### WHAT THE EXERCISE ASKS
Every record, from the first to the last, is to be printed again exactly.

Web page caption snippets
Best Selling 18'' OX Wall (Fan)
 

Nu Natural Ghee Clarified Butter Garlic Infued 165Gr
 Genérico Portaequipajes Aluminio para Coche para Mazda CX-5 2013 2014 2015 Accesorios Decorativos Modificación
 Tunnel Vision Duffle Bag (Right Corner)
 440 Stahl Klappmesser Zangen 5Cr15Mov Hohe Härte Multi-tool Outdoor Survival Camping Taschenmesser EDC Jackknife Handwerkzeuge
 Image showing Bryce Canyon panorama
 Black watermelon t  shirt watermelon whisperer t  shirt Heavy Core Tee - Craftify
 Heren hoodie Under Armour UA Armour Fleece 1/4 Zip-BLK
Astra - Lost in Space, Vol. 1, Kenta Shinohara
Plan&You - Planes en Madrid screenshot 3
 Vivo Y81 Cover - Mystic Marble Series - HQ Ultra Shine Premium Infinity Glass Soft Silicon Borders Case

### FINISHED TASK
Best Selling 18'' OX Wall (Fan)
 

Nu Natural Ghee Clarified Butter Garlic Infued 165Gr
 Genérico Portaequipajes Aluminio para Coche para Mazda CX-5 2013 2014 2015 Accesorios Decorativos Modificación
 Tunnel Vision Duffle Bag (Right Corner)
 440 Stahl Klappmesser Zangen 5Cr15Mov Hohe Härte Multi-tool Outdoor Survival Camping Taschenmesser EDC Jackknife Handwerkzeuge
 Image showing Bryce Canyon panorama
 Black watermelon t  shirt watermelon whisperer t  shirt Heavy Core Tee - Craftify
 Heren hoodie Under Armour UA Armour Fleece 1/4 Zip-BLK
Astra - Lost in Space, Vol. 1, Kenta Shinohara
Plan&You - Planes en Madrid screenshot 3
 Vivo Y81 Cover - Mystic Marble Series - HQ Ultra Shine Premium Infinity Glass Soft Silicon Borders Case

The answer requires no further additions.